* Task to complete *
Every entry gets copied exactly. No images go into the copy.

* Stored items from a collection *

- Opening Delimiter -

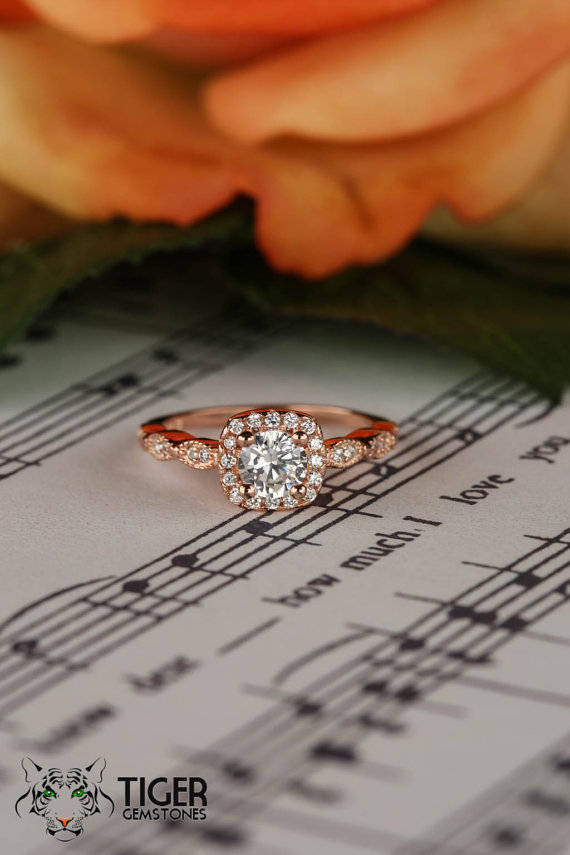 زفاف - 3/4 Carat Halo Vintage Engagement Ring, Man Made Diamond Simulants, Art Deco, Wedding, Bridal, Promise Ring, Sterling Silver & ROSE Gold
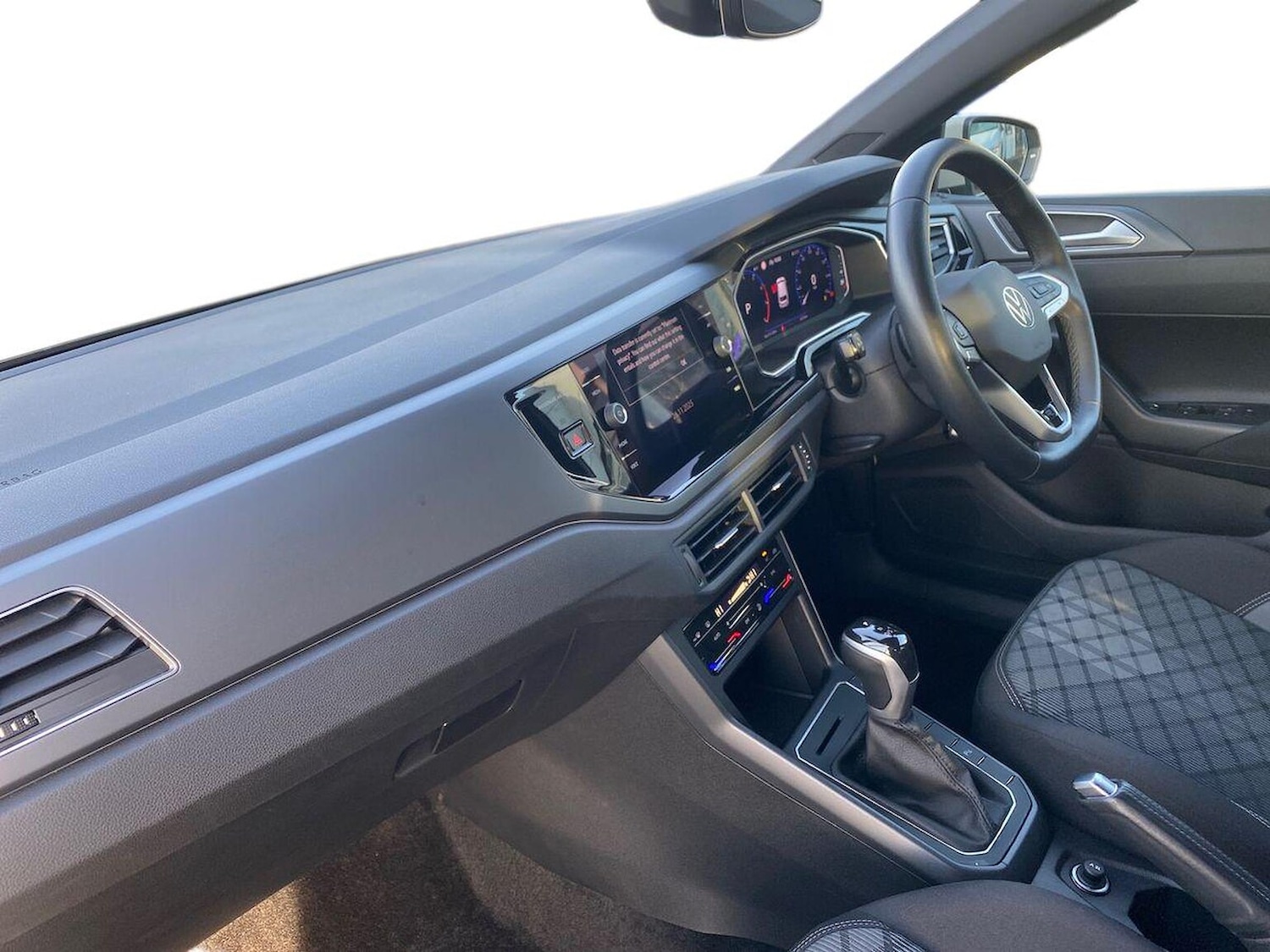 Used Volkswagen Polo 2023 for sale - 76725859: Photo 7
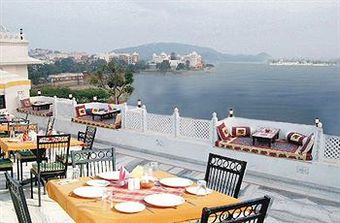 Hotel Sargam Sadan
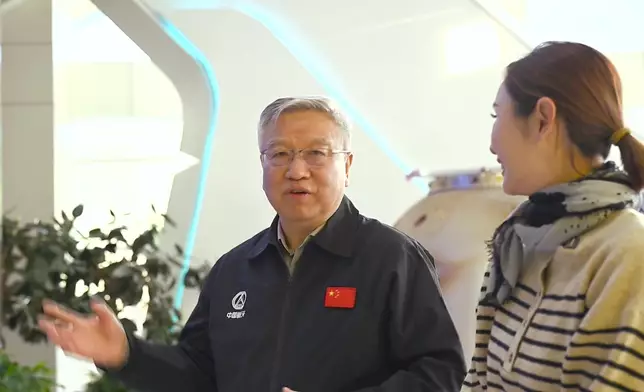 訪問中國航天科技集團北斗全球導航工程副總設計師謝軍（66歲）。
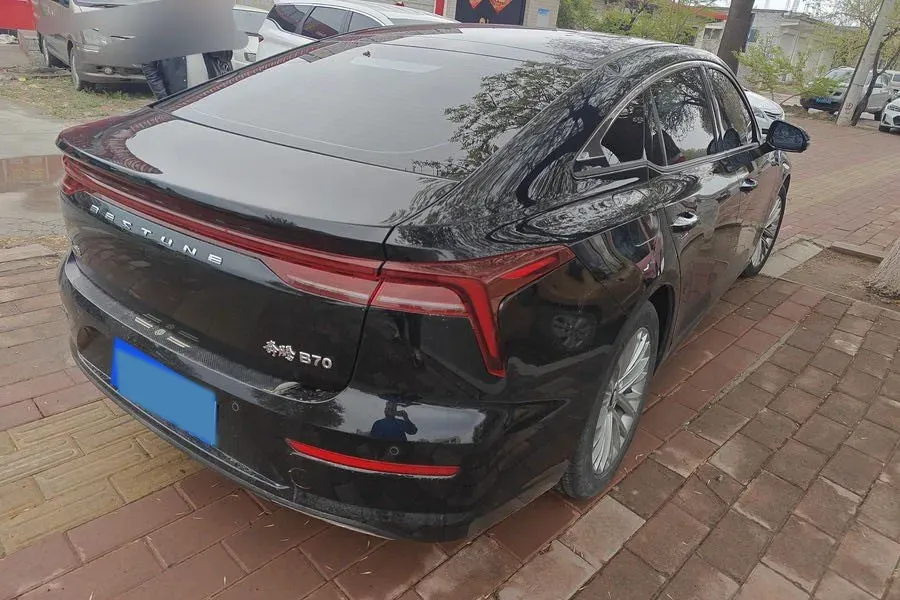 2023 Bestune B70 1.5T 169HP L4 7DCT,autocango,china used car exporter,china ev exporter,chinese used car exporter,chinese used ev exporter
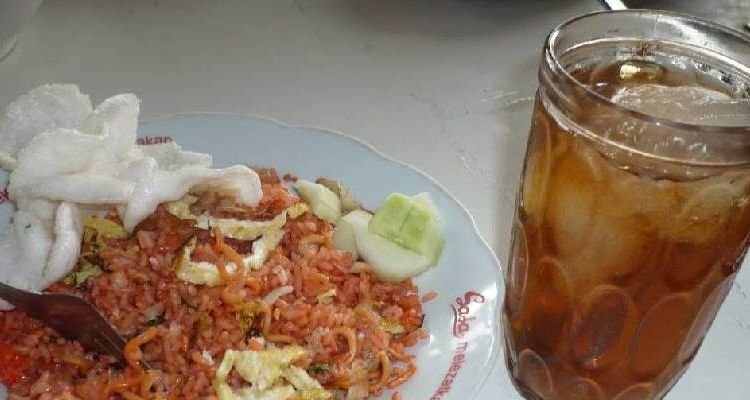 8 Menu Teh di Warteg: Kamu Yang Suka Beli Makan, Jangan Sampai Salah Pesen Minum!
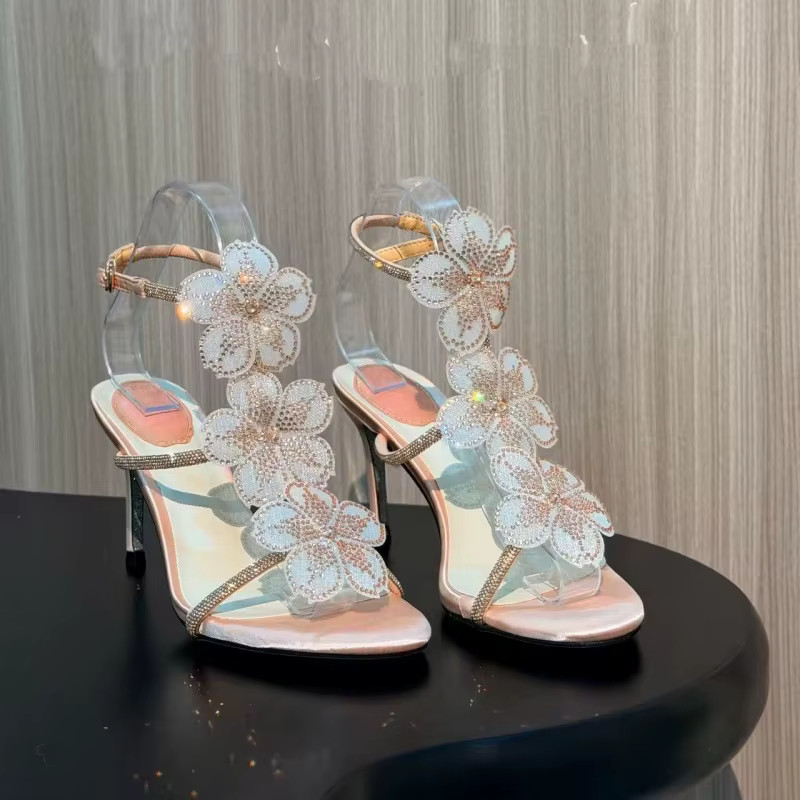 Sandales à talons hauts Champagne 3D à fleurs et strass 2026, à bout ouvert, avec bride de cheville 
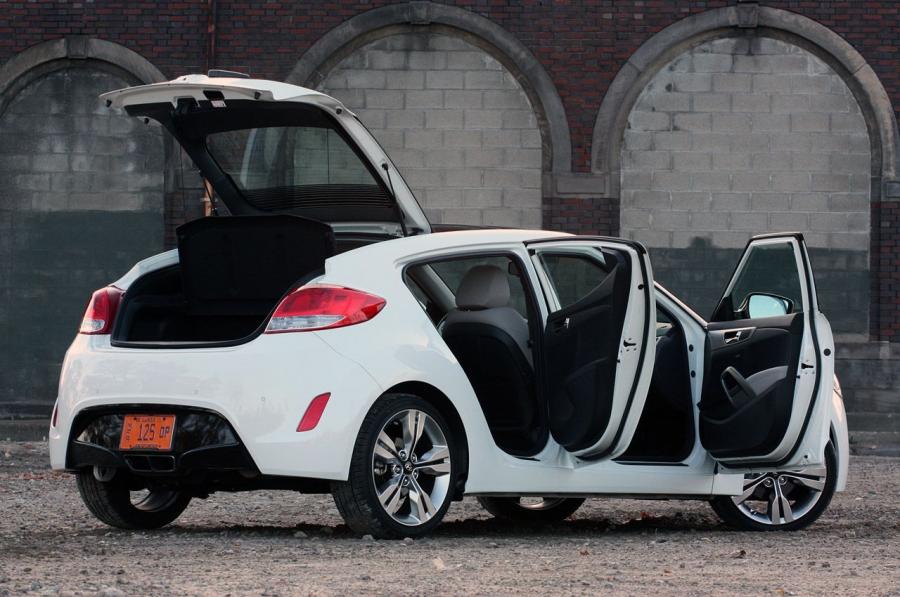  Hyundai Veloster 2011 года  (фото 103 из 184)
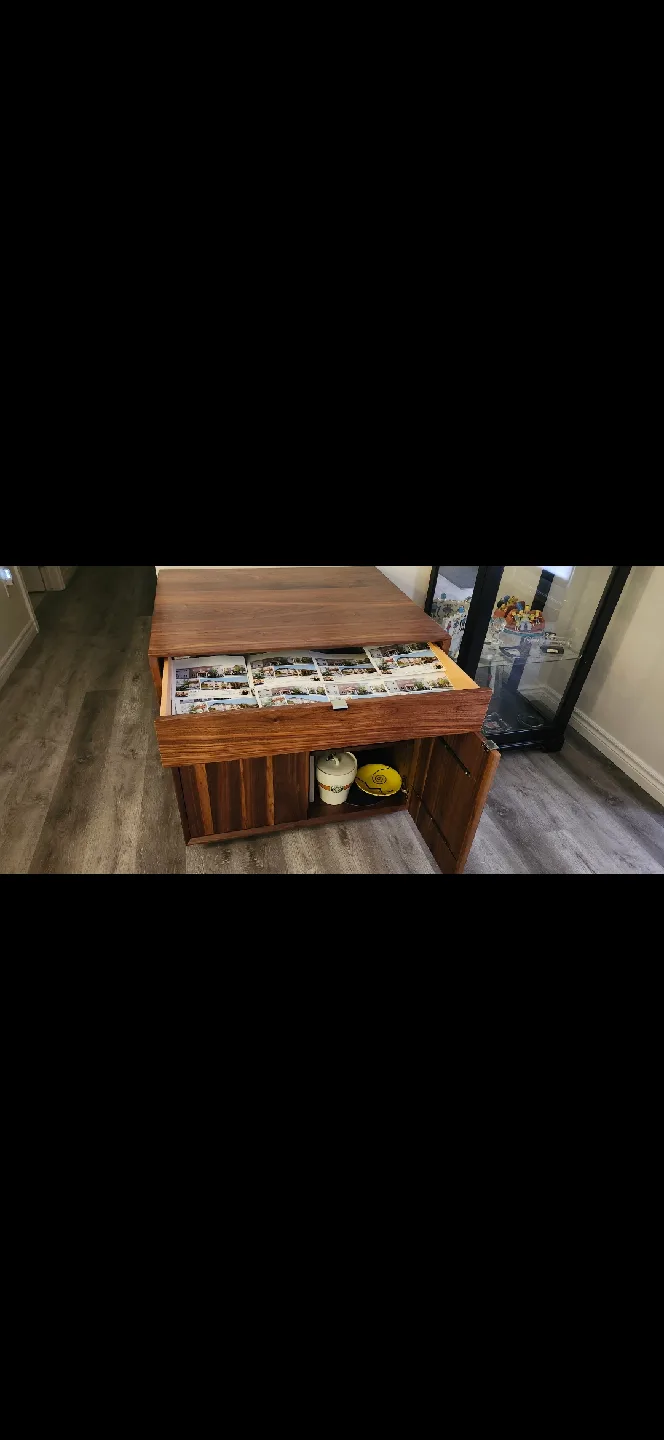 Custom-made Walnut Buffet sideboard bar cabinet for sale image indicator(3)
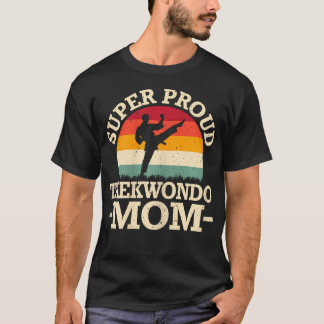 スーパープラウド テコンドーママ 母の日 武道 Tシャツ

- Closing Delimiter -

* Task result *
 زفاف - 3/4 Carat Halo Vintage Engagement Ring, Man Made Diamond Simulants, Art Deco, Wedding, Bridal, Promise Ring, Sterling Silver & ROSE Gold
 Used Volkswagen Polo 2023 for sale - 76725859: Photo 7
 Hotel Sargam Sadan
 訪問中國航天科技集團北斗全球導航工程副總設計師謝軍（66歲）。
 2023 Bestune B70 1.5T 169HP L4 7DCT,autocango,china used car exporter,china ev exporter,chinese used car exporter,chinese used ev exporter
 8 Menu Teh di Warteg: Kamu Yang Suka Beli Makan, Jangan Sampai Salah Pesen Minum!
 Sandales à talons hauts Champagne 3D à fleurs et strass 2026, à bout ouvert, avec bride de cheville 
  Hyundai Veloster 2011 года  (фото 103 из 184)
 Custom-made Walnut Buffet sideboard bar cabinet for sale image indicator(3)
 スーパープラウド テコンドーママ 母の日 武道 Tシャツ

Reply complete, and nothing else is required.